Results of the tests :
Test 1 (default hardware), done in 4373819 cycles
Test 2 (parallelism attempt), done in 4584532 cycles
Test 3 (attempt with another algo), done in 4583756 cycles
Test 4, done in 12 cycles
Test 5, done in 12 cycles
Test 6, done in 12 cycles
Test 7, done in 12 cycles
Test 8, done in 12 cycles
Press ENTER to quit...
[attachment deleted by admin]
Hutch,
First time back to this board after several years. During those years, I have been doing a great deal of work to achieve maximum performance out of multi-core CPUs. The conclusion over and over again, is to minimize interaction between CPUs by keeping them in fully occupied in separate memory to the greatest extent possible. Sychronizing threads is necessary for logic, but a killer on performance. So initializing data in a separate thread could really only benefit performance if you really have something else to do in the mean time, and often enough to make a difference. Minimizing the rate of bus-locked instructions by making them unnecessary with better logic--this is the goal.
I am glad to see this site is still active.
Quote from: hutch-- on April 21, 2008, 10:21:31 AM
You have two APIs SuspendThread() and resumeThread() that would be useful to turn a thread on and off but I have not yet seen a fast signalling process so a master process can signal a slave thread to do something.
using events might do the trick, or a mutex?... either way, the delay caused in hopping to the other thread probably kills any possible benefit you might gain for having a seperate proc doing the memfill... even using suspendthread/resumethread...
From what I have seen so far the only place where multithreading seems to offer an advantage is with multiple processes that are reasonably sparse in terms of processor usage. Doing multiple downloads in seperate threads is typical of this capacity.
Now with a memory intensive operation being performed on one core, I get the impression that the other core may not have a completely free access at different memory addresses even if they are far enough apart. I know on a larger scale between two seperate machines if you use very large data sets you don't get any real problem with TCP/IP but mechanisms like this are far too slow to be useful at close range with processor intensive work.
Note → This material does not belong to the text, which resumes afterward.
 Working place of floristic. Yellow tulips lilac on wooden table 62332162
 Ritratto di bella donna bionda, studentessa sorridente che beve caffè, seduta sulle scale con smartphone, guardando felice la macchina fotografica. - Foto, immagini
Ideas of this type may have to wait for different hardware with diferent capacity before they can be realised as the current signalling methods between threads is too clunky and too slow to be of any real use.
Hutch,
To use dual CPUs for performance you must (1) set them up to work independently, and (2) balance their loads so that they finish at the same time. Of course (1) makes (2) difficult and elusive. If they don't finish at the same time, you're back to single-processor performance for the remainder of the task--we don't want that.
My solution to this gets the performance equivalent of 1.9 CPUs :dance: (Opteron 170/2800). I pair up two threads, and give them a queue of actions to perform. The threads start from opposite ends of the queue, working their way toward the middle, so they both finish within one logical action of each other, no matter how uneven the workload is. The beauty of this is that the entire thing is managed by single, lock-free counter (of remaining actions). The first thread to finish gets a count=0, the 2nd thread finishes with count=-1. The only processor contention is on the counter, and none on the queue.
Forget about calling system thread scheduling functions for managing anything resembling fine-grained computation, because they consume far too many clock cycles to be viable. You must observe (1) and (2) if you want dual-processor performance from your own code. The way you are doing it works fine, as long as you can tolerate the initial 6-8 microsecs of thread startup latency :eek.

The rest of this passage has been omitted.